Files
antifragile/antifragile-consulting/books/03-devices-and-intune.md
T

173 lines
21 KiB
Markdown

# The Antifragile Handbook for M365 & Active Directory
## Book IV — Devices & Endpoint (Intune)
> *The device will be compromised. Compliant is not the same as secure, and the portal toggle is not the same as the device's behaviour. Build for the compromise, not against it.*
---
## The governing question
Most endpoint programmes are built on a wish: *make the device trusted.* That wish is unwinnable — a device in a user's hand, on a network you don't control, running an OS you didn't write, will eventually be compromised, and no amount of hardening changes that. So flip the question:
> **Assume every device is already compromised. What still holds?**
If the answer is "nothing, because a compromised-but-compliant device gets full access," you've built fragility with a green tick on it. The antifragile endpoint posture stops trying to own the device and instead builds a boundary that **survives an untrusted device**: the data lives behind a wall, the device is cheap and disposable, and "compliant" is treated as what it actually is — a *signal that can be wrong*, not a guarantee.
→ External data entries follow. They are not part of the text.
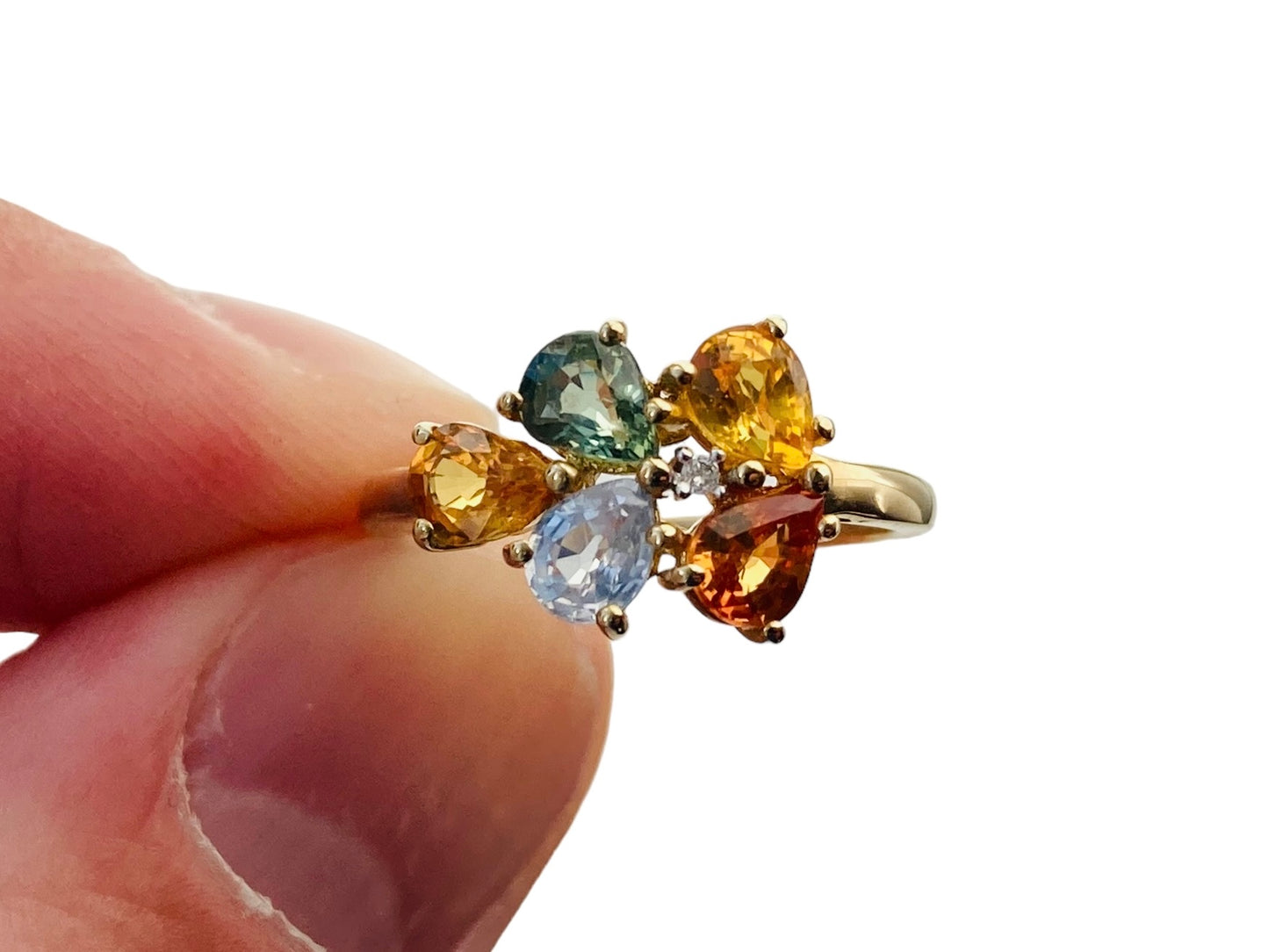 9ct Gold Multi Sapphire & Diamond Ring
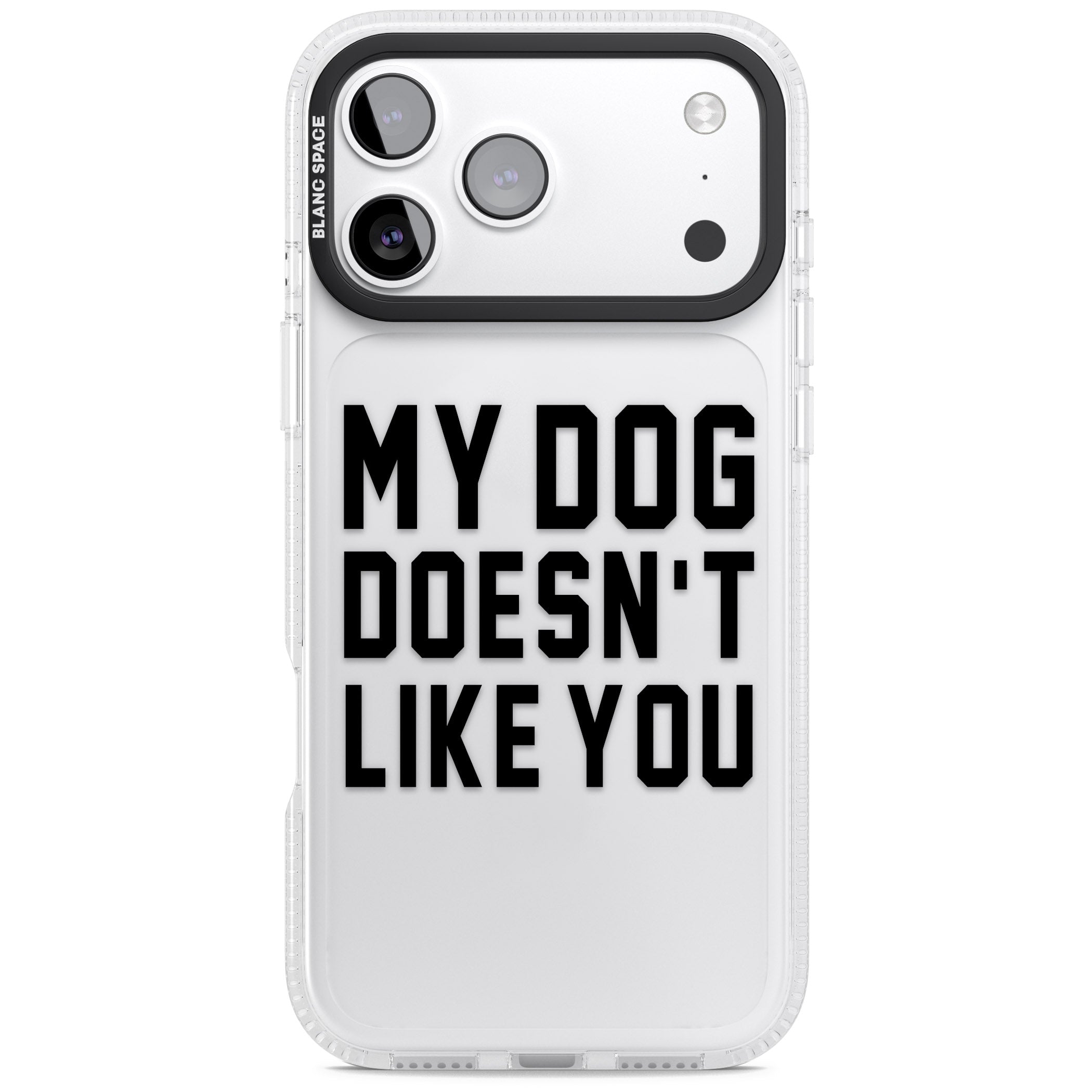My Dog Doesn'T Like You iPhone 17 Pro Max Impact Air Clear Phone Case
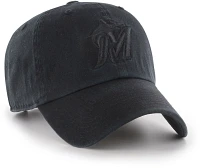 '47 Adult Miami Marlins Black Clean Up Adjustable Hat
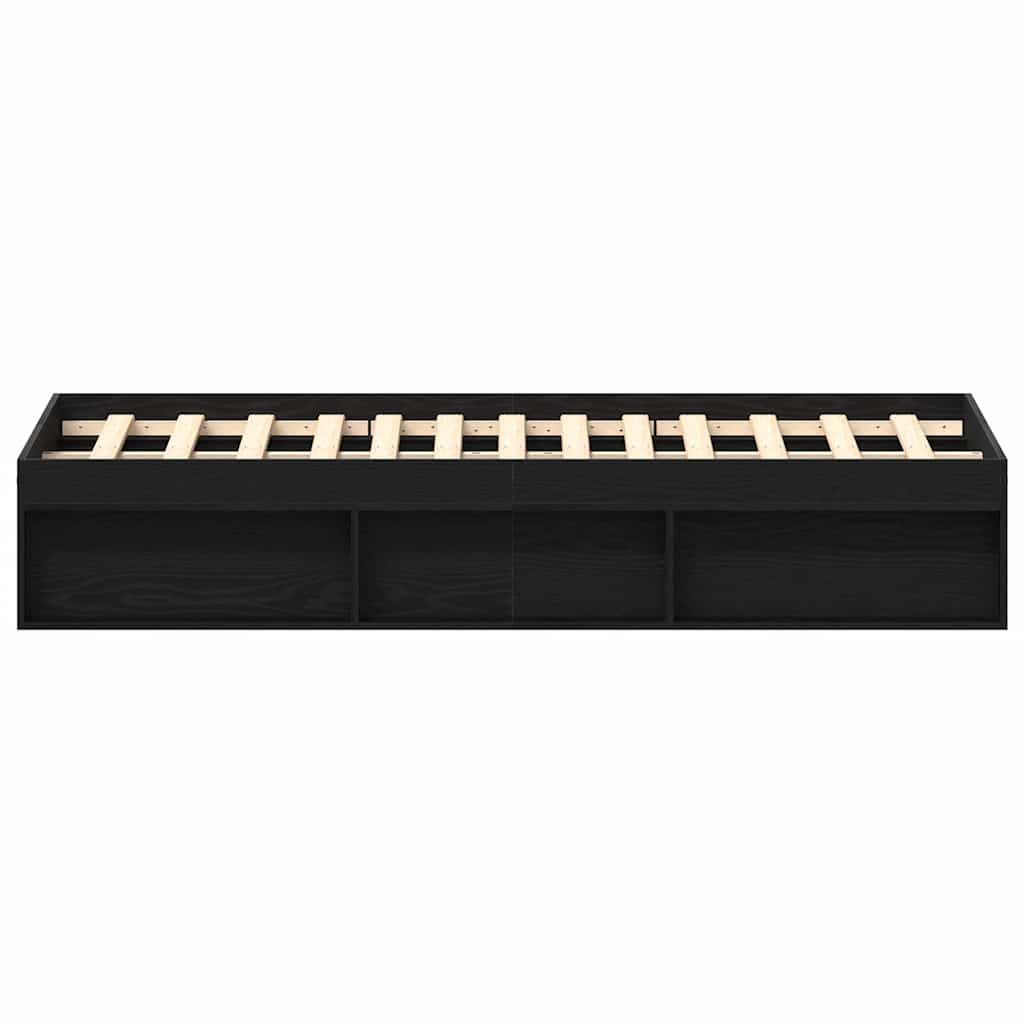 Cadre de lit sans matelas en chêne noir 160x200 cm bois d'ingénierie - XIOS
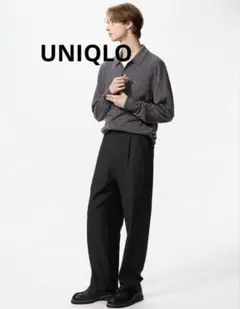 ユニクロ　タックワイドパンツ　Lサイズ　美品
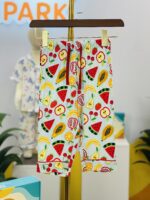Fruit Fiesta Linen Nightwear Set- Sky Blue - Image 3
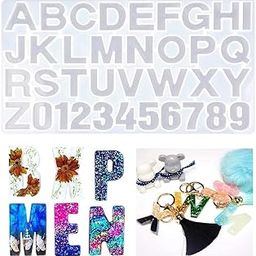 QALAM Kaari Resin Art Silicone Alphabet and Numbers Shape Moulds, Alphabet Resin Mould Epoxy Resin Art Kit with Mold Silicon Jewellery Moulds Resin Art Kit for Beginners-image-2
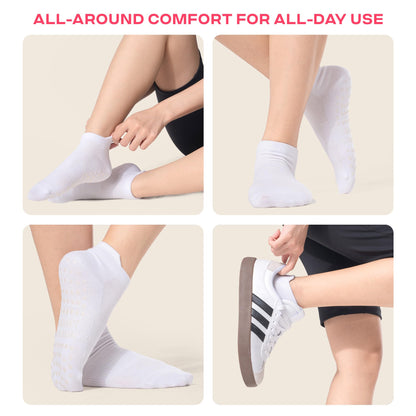 CoolMate Pilates Socks with Grips for Women, Yoga Socks, Crew Non Slip Women for Workout, Barre, Pilates Gifts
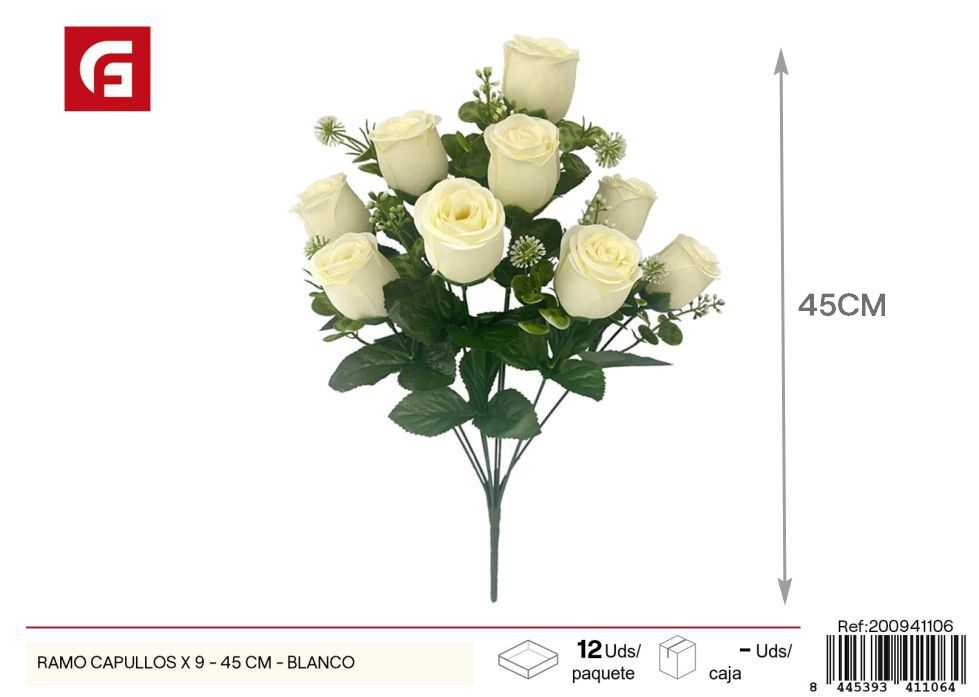 Ramo de Capullos blancos x 9 - 45 cm - Flores artificiales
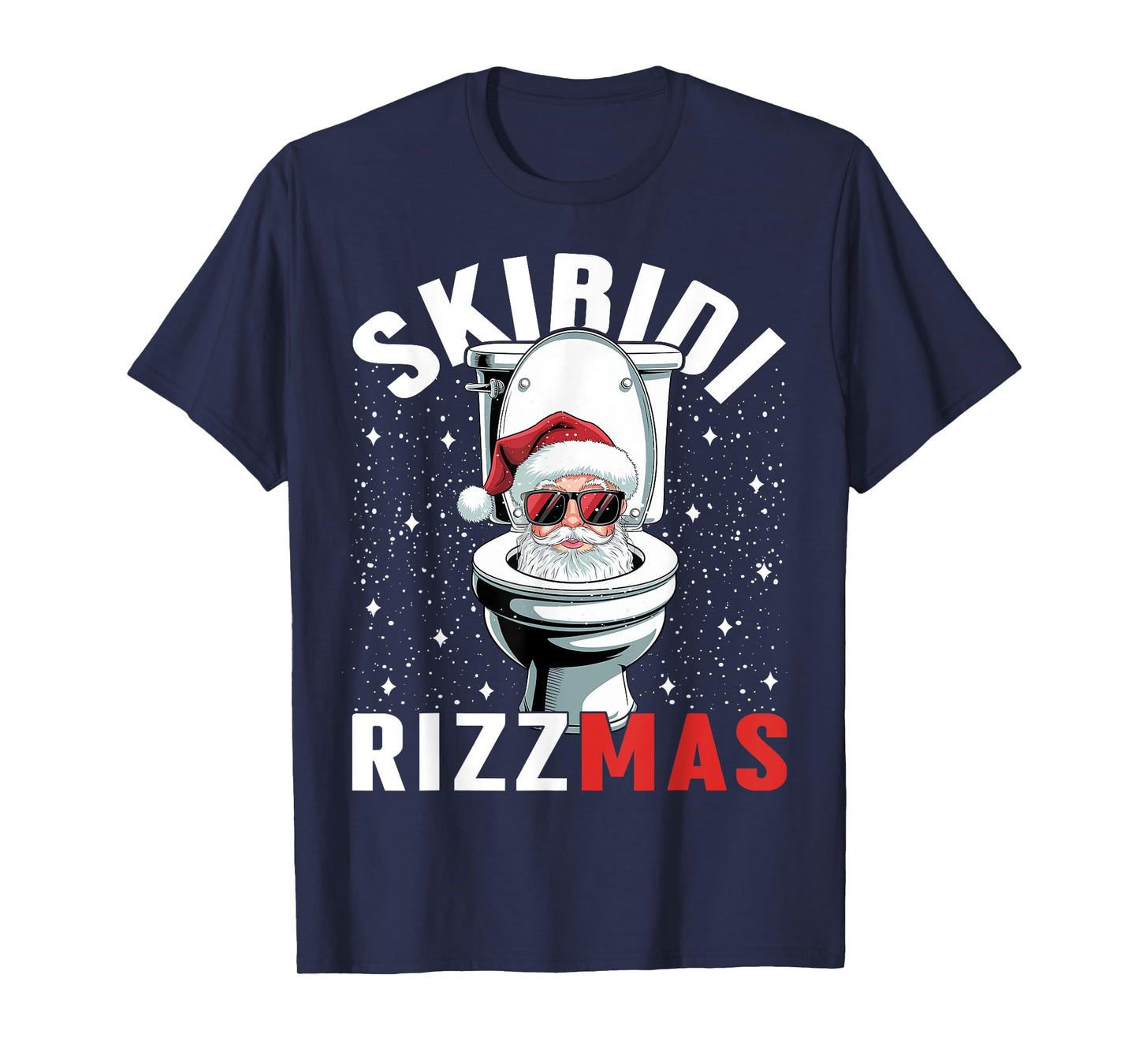 Funny Toilet Santa Skibidi Rizzmas White Elephant Christmas T-Shirt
That reframe — **compliance is a signal, not a checkbox** — is the spine of this whole book.
---
## 1. Fragility inventory — where the endpoint betrays you
### The fleet is a fiction: managed, unmanaged, shadow, dark
Before any of the controls below mean anything, confront the foundational lie of endpoint security: **you do not know your fleet.** The whole book so far has said "the managed devices" as if that set is the fleet. It isn't. The managed devices are the part you *chose to count* — and in most estates they're the bigger part only *if you're lucky.* The blast radius lives in everything else.
The honest spectrum of what touches your data:
- **Managed** — enrolled (MDM) or app-managed (MAM). The devices you can see and control. The part the programme is about, and the part everyone fixates on.
- **Known-but-unmanaged** — devices that authenticate and reach data but aren't managed. Entra-registered-but-not-compliant, BYOD that hit OWA or a SharePoint link in a browser. They're in the sign-in logs; they're not under your control.
- **Shadow** — devices the org never sanctioned but users brought anyway: a personal phone, a contractor's laptop, a home PC pulling files through the web client. Shadow IT at the device layer.
- **Dark** — access you have *no device-level visibility into at all.* Legacy- protocol sign-ins that bypass Conditional Access and never produce a clean device signal. Long-lived tokens issued once and never re-evaluated. App passwords. Service principals and automation that aren't devices but reach data like one (the "dark matter" of Book III, wearing a different hat). This is the end of the spectrum that should frighten you, because it never trips a sensor.
And the inventory of record — the CMDB — is almost always **more wish than reality.** It's populated by *process* (someone files a ticket), and process decays the moment attention moves on. The real device population is populated by *behaviour* — what is actually authenticating right now. The gap between those two is precisely your shadow and dark population, and it's invisible exactly where it matters most.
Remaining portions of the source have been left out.